Threats to the data transfer

In case hospitals choose to use the wireless transfer of information in unrestricted areas, the data transfer will be under threat. After sensors have collected physiological data about a given patient, the data have to be transmitted to the remote server of the medical facility. While on transit, a third-party might capture and change the physiological data. The patient will be at risk if the changed information is sent to the server. The main types of transit attack include interception, where a third-party illegally access the transit information, and message modification where the patients’ medical data is captured, then it is modified and thus becomes misleading to the users.

Threats on the patients’ location

Some medical sensors track the patients’ mobility to ensure that the exact position of the patient is known and confusion during emergencies is minimized. Location tracking systems utilize radiofrequency waves, received signal indicators, etc. Therefore, if a third-party receives the patients’ radio signals, they might be in a position to locate the patient.

Activity-based risks

A third-party can get the health status of a patient who might be exercising or practicing in a fitness center. Using the captured data, they might guess the activity that the patient is doing and sent misleading exercise tips and messages to them thus interrupting the entire diagnosis procedure.

Replay risks

In the case of a home care facility, a third-party may attack the wireless relay point when a patient is transmitting to the main server. Usually, Rely Nodes are not guarded and a third-party may gain access to the Rogue Rely Node causing a false alarm in the remote sites. This is the most dangerous threat because it defeats the entire purpose of wireless connectivity in a medical facility (Stell, Sinnott & Jiang, 2009).

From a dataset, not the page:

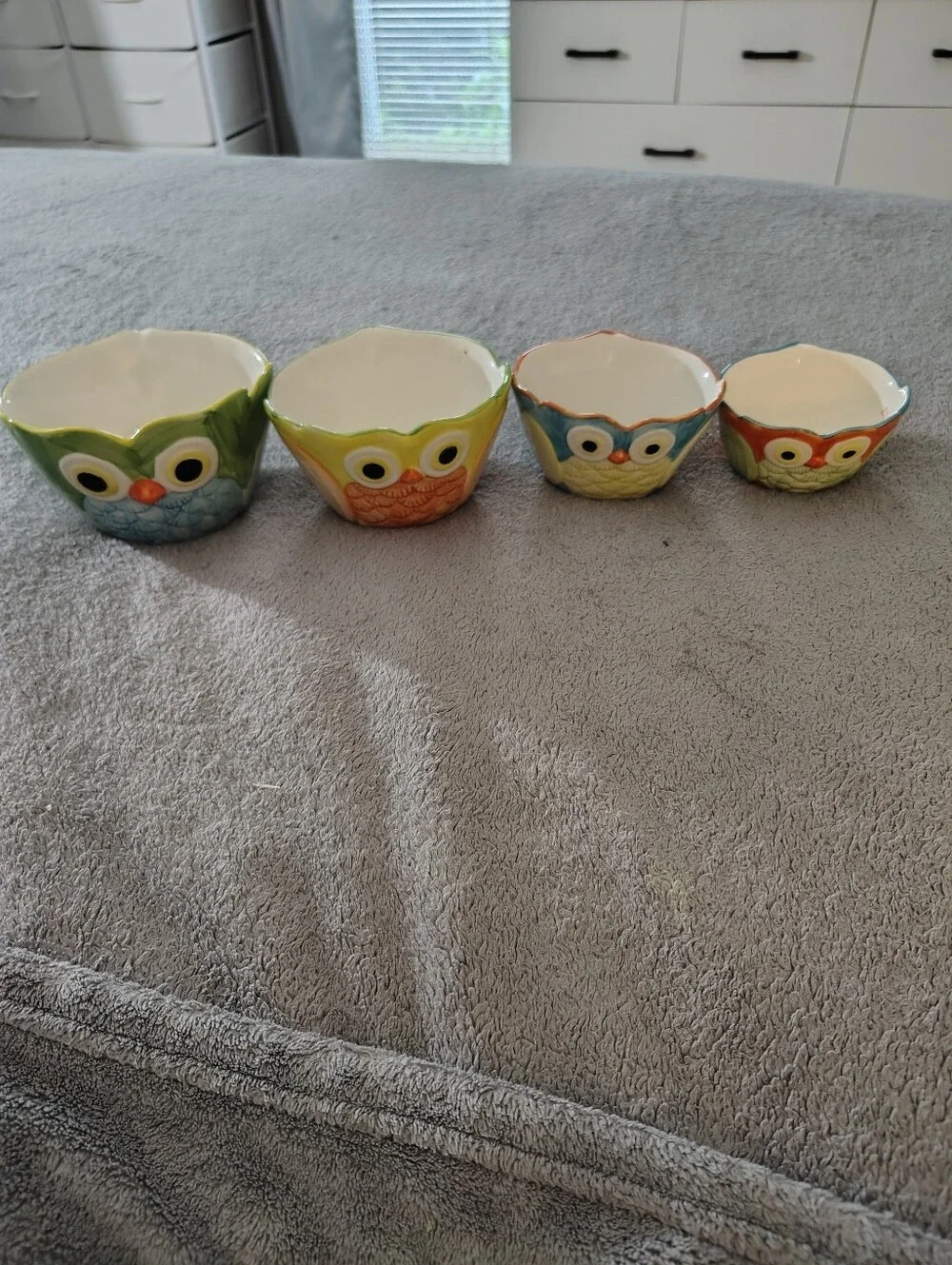 Pier 1 Ceramic Owl Nesting Bowls - Multicolor Measuring Cups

Regarding privacy issues, it stands out that the patients’ data records and information should be confidential and can only be given out with their permission. The major privacy issues associated with the above security concerns include:

Abuse of medical information

The flow of patients’ health information in the communication channel is subjected to abuse and their privacy is breached.

Leakage of prescriptions

It is clear that a lot of data leak to the third-party including the doctors’ medical prescriptions to the patient. Therefore, the privacy of the patient is abused and this can even lead to death.

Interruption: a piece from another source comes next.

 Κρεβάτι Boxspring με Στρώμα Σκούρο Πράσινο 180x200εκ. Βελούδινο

Effects on the social life of the patient

When the patients’ health records leak to the public, and maybe they are suffering from mental illness, their life might not be the same again if the public fails to treat them fairly (Varandas, Vaidya & Rodrigues, 2010).

To curb the above threats, the medical facility can utilize the following mechanisms:

Cryptography

Bearing in mind that medical sensor networks carry sensitive patients’ health information, strong cryptographic functions, e.g. encryption and authentication, are paramount requirements for mounting any secure healthcare technological application. Encryption and authentication will ensure that access to patients’ data on transit by outsiders is prevented.

Management protocols

Another way of securing network applications is through management protocols. Proper implementation of network management protocols (NMP) will protect the network nodes from hackers thus efficiently managing the network resources.

Protected Routing

In the case of home care, the sensor will have to transmit patients’ data to a remote server which might be far away from the network range. Therefore, protective routing and message forwarding become a crucial service for end-to-end communication. Developing a protected routing protocol will ensure the privacy and security of the networks.

Secure Localization

Tracking devices and sensors allow the mobility of patients’ medical data accounts to a remote server. Therefore, patients should notify the administrator about their new locations to incase they decide to move.

References

Klingbeil, L., & Wark, T. (2008).A wireless sensor network for real-time indoor localisation and motion monitoring. Proceedings of the 2008. International Conference on Information Processing in Sensor Networks, 30(3),39–50. Web.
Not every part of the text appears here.